Sollte je der Roman einer Oper geschrieben werden, könnte sich dieser in phantastischer Weise um „Les Contes d’Hoffmann“ ranken. Lange schien es, als liege kein Segen auf dem kompositorischen Vermächtnis von Jacques Offenbach – auf der bei seinem Tod am 5. Oktober 1880 bis zur Mitte des 4. Akts vollendeten, am Ende aber doch noch unfertigen Fantastischen Oper.
Die Uraufführung Anfang Februar 1881 wurde zwar durch die wirtschaftlichen Interessen des Pariser Theaterdirektors Carvalho und ein von diesem in Auftrag gegebenes Arrangement des Kapellmeisters und Komponisten Ernest Guiraud ermöglicht. Doch seither haben die vier Elemente die von Anfang an nicht systematisch und sicher aufbewahrten Manuskripte mehrfach schwer ramponiert.
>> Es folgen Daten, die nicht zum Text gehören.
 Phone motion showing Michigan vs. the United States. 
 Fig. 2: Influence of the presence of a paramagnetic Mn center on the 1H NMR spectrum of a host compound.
Nach einem Brand während einer „Hoffmann“-Vorstellung am 8. Dezember 1881 im Wiener Ringtheater war neben 384 Menschenleben auch der Verlust des Aufführungsmaterials zu beklagen. Das wurde sechs Jahre später ein weiteres Mal durch ein Schadensfeuer in der Opéra-Comique an der Rue Favart dezimiert. Was danach noch übrig war, wurde vom Winde verweht, teilweise von Sammlern weggeschlossen und später gelegentlich vom antiquarischen Notenhandel vertickt. Womöglich ging auch kriegsbedingt noch das eine oder andere Blatt verschütt. Das Material einer von Herbert Wernickes vorbildlich konzipierten neuen „Hoffmann“-Fassung verflüchtigte sich 1987 beim Brand des Frankfurter Opernhauses zur schwarzen Rauchwolke. Die jüngsten Einbußen stellten sich wohl 2009 mit dem Einsturz des Kölner Stadtarchivs ein, bei dem auch die Offenbach-Sammlung mit den Erdmassen in die Tiefen gestürzt und ins kalte Brackwasser getaucht wurden.
Zum Ausgleich für teilweise unwiederbringbar Verlorenes komponierten emsige Theaterleute gelegentlich wieder etwas hinzu (z.B. das große Septett im Giulietta-Akt). Fritz Oeser versuchte in den 1970er Jahren, aus den unsterblichen Überresten des Werks eine kritische Gesamtausgabe zu erstellen; sie hat seit 1977 die Aufführungsgeschichte bestimmt. Aber diese Edition erwies sich nicht als ‚gesamt’ und kritisch nur in dem Sinn, als der Herausgeber es sich nicht verkneifen konnte, wiederum selbst noch so manches hinzuzuschreiben. Robert Didion, der einen weiteren Anlauf unternahm zur Sichtung und Edition dessen, was noch zu rekonstruieren war, starb über der aufwändigen Arbeit.
Dem Übelstand hinsichtlich der Quellenlage wurde dann Abhilfe geschaffen durch eine Neuausgabe von Michael Kaye und Jean-Christophe Keck, die lange rivalisierten und schließlich doch am gemeinsamen Strang zogen (womöglich unter sanftem Druck des Verlags). Gestützt auf die Kaye/Keck-Edition haben der Dramaturg Norbert Abels, der Dirigent Stefan Soltesz und der Regisseur Dietrich Hilsdorf eine (auf die Rezitative verzichtende) straffe und stringente Version für das Aalto Theater Essen entwickelt – unter Verwendung des der Zensur vorgelegten Librettos: Ein Bekenntnis zur Opéra-comique mit gesprochenen Dialogen.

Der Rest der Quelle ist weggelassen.